Quando optaram por essas músicas tinham a intenção de equilibrar o ritmo e a sensação para tentar capturar a essência de um show ao vivo da banda em um intervalo curto de 12 minutos que tinham para se apresentar. Um desafio e tanto mostrar todo o vigor e a verdade da banda em um curto tempo de apresentação. Eles inclusive escreveram “Blues Thing” especialmente para a competição, pois queriam apresentar uma música mais lenta e mostrar ao público e aos julgadores que a banda poderia mostrar um set diversificado, com músicas pesadas e mais lentas.

Quando os resultados foram anunciados o Eugene Carnan não conseguiu a vitória. Evidentemente os jovens músicos, cheios de entusiasmo e confiança, ficaram completamente desapontados, frustrados, o que é natural, mas estavam muito confiantes com um desfecho diferente e muito mais animador no futuro.

Quando a banda estava se preparando para ir embora do local do triste anúncio de sua derrota, já estava fazendo as malas repletas de desilusão, foram abordados por um cara que se apresentou como Wayne Williams que disse que tinha um pequeno estúdio de gravação e que estava interessado em gravar as músicas do Eugene Carnan.

A oferta de Wayne era gravar uma “demo” da banda de graça, sem custos para a banda, dizendo ainda que tentaria fazer com que algumas gravadoras se interessassem em gravar o tão desejado debut da banda. E se ele conseguisse poderiam discutir termos contratuais e talvez até empresariá-los.

A oferta gerou certo ceticismo e cautela por parte do Eugene Carnan, porque o cenário é sempre desfavorável quando há essas promessas de apoio a bandas novas.
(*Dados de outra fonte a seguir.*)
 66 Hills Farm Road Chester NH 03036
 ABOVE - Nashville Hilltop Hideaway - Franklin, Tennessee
Os músicos temiam que pudessem ser roubados, ter a sua arte, a sua música ser roubada por algum empresário ou dono de estúdio desonesto. Mesmo jovens tinham a percepção dessa possibilidade e decidiram agir com o máximo de cautela.
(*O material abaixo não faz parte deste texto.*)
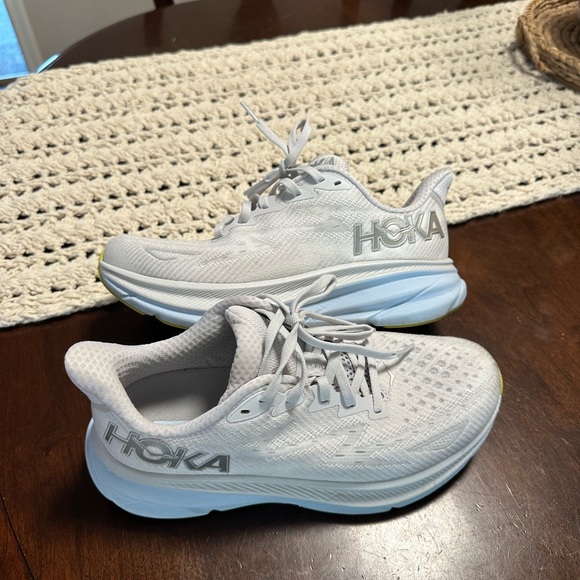 HOKA Clifton 9 White Running Shoes - Picture 2 of 7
O que fez a banda mudar de ideia foi que Wayne mencionou que era apoiado por um cara chamado Major Arthur Kenny. Para a maioria da banda esse nome não significava absolutamente nada, mas para o baterista do Eugene Carnan, Mike Evans, significava e muito. O Major Kenny era o diretor musical da “The Cory Band”, uma das principais bandas de metais do Reino Unido, com sede em Rhondda.

Seu pai havia tocado corneta na “Cory Band” por muitos anos e até mesmo Mike Evans tocou várias sessões com a banda que seu pai fazia parte, sendo, inclusive, membro da banda júnior de Cory. Por causa dessa conexão, o Eugene Carnan decidiu seguir com a proposta de Wayne. No entanto, meses depois Wayne entrou em contato coma banda e eles foram para seu estúdio em Risca, Monmouth, para iniciar os trabalhos de gravação de suas músicas.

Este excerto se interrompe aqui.